Der Aschermittwoch für Künstler hat eine lange, weltweite Tradition. In Köln gibt es seit 1950 ein kulturelles Programm; dieses Jahr wird der Tag mit einer musiktheatralen Uraufführung des zeitgenössischen Komponisten Sidney Corbett auf Texte der französischen Philosophin und Mystikerin Simone Weil in der Kirche St. Gertrud beschlossen. Anlässlich des 70. Todestages Weils beschäftigt sich das Werk mit Leben und Auffassung der bereits mit 34 Jahren verstorbenen Philosophin und Anders-Denkerin, die sich zeitlebens sozial engagierte, politisch aktiv war und sich gegen Ende ihres Lebens von der Agnostikerin zu spirituell-mystischem Sein wandte.

Der Raum von St. Gertrud, einer Beton-Kirche aus den 1960-ern, büßt trotz seiner Modernität nichts an sakralem Sinn ein.

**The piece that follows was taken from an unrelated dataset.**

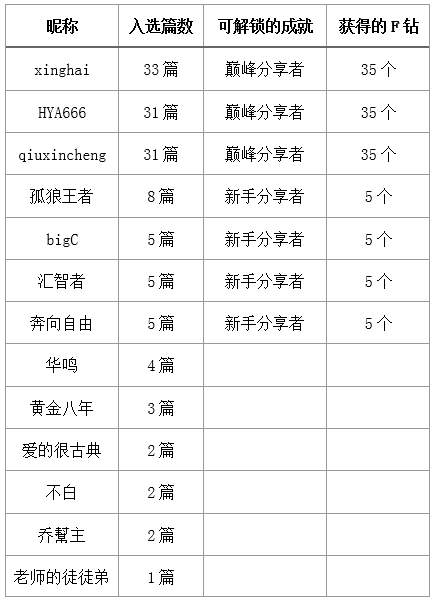 当你还在灌水的时候,他们已经带走35个F钻了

Die wuchtige Architektur von Gottfried Böhm öffnet sich nach allen Seiten und speziell nach oben, wo die asymmetrische Deckengestaltung trotz ihrer Klarheit nichts preiszugeben scheint. Jeder Schritt hallt, vielfach verstärkt sich jedes Geräusch. Wie soll hier Musik erklingen, ohne dass sie verzerrt?

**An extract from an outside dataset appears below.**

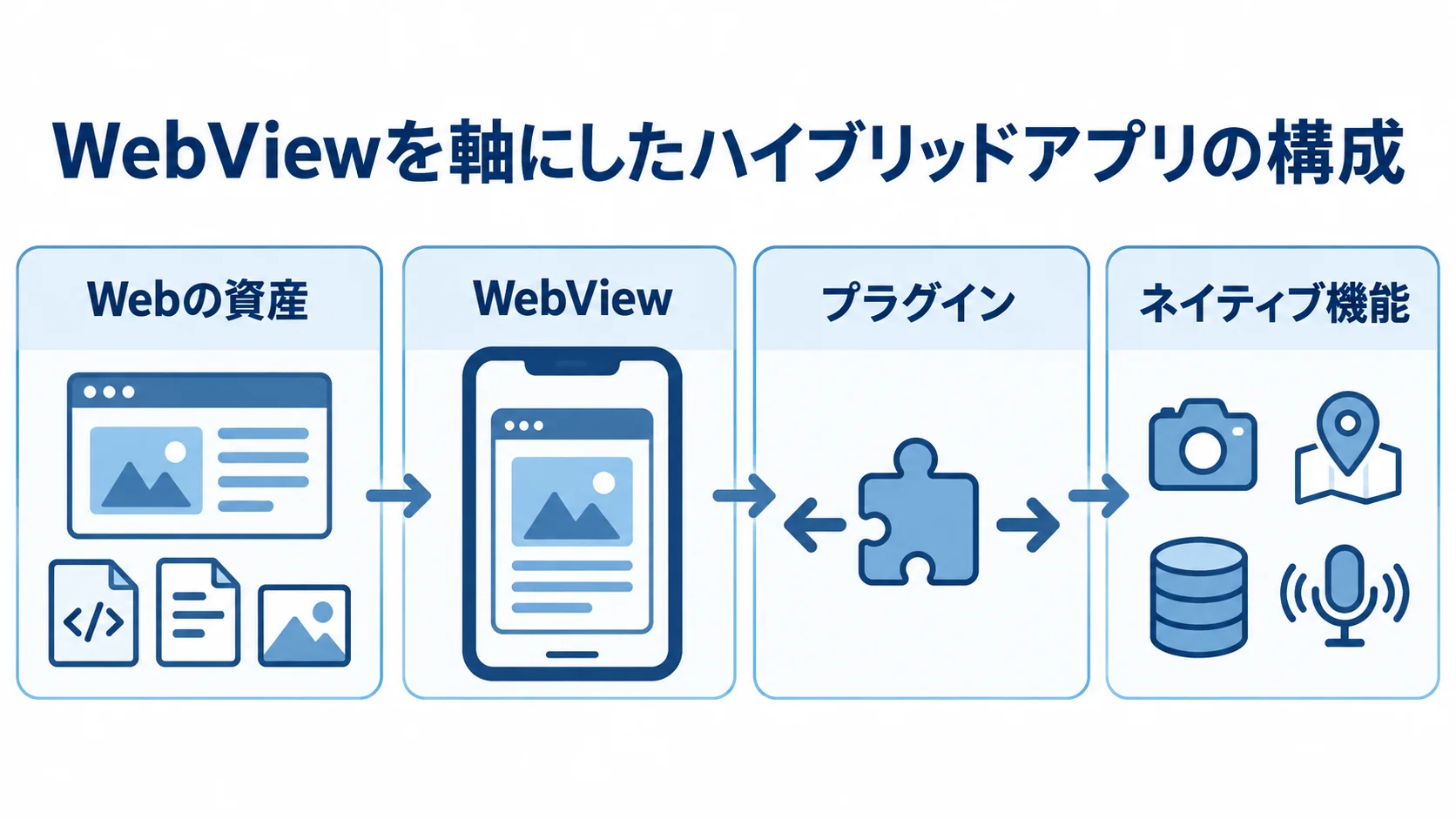 WebViewとプラグインで構成するハイブリッドアプリの図解 Webの資産からWebView、プラグインを経てネイティブ機能につながるハイブリッドアプリの層構成図。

Es stehen vier kleine Tische im weitläufigen, abgesenkten Innenraum der Kirche. Verschiedene Dinge stehen darauf, wie eine Schreibmaschine, Bücher, eine Wasserschüssel und etwas Geschirr. Davor schlichte Stühle und die Instrumente. Im hinteren Teil der Kirche steht das große Schlagzeug, in der Nähe dessen ein kleines Viereck mit grünen Kräutern in Töpfen.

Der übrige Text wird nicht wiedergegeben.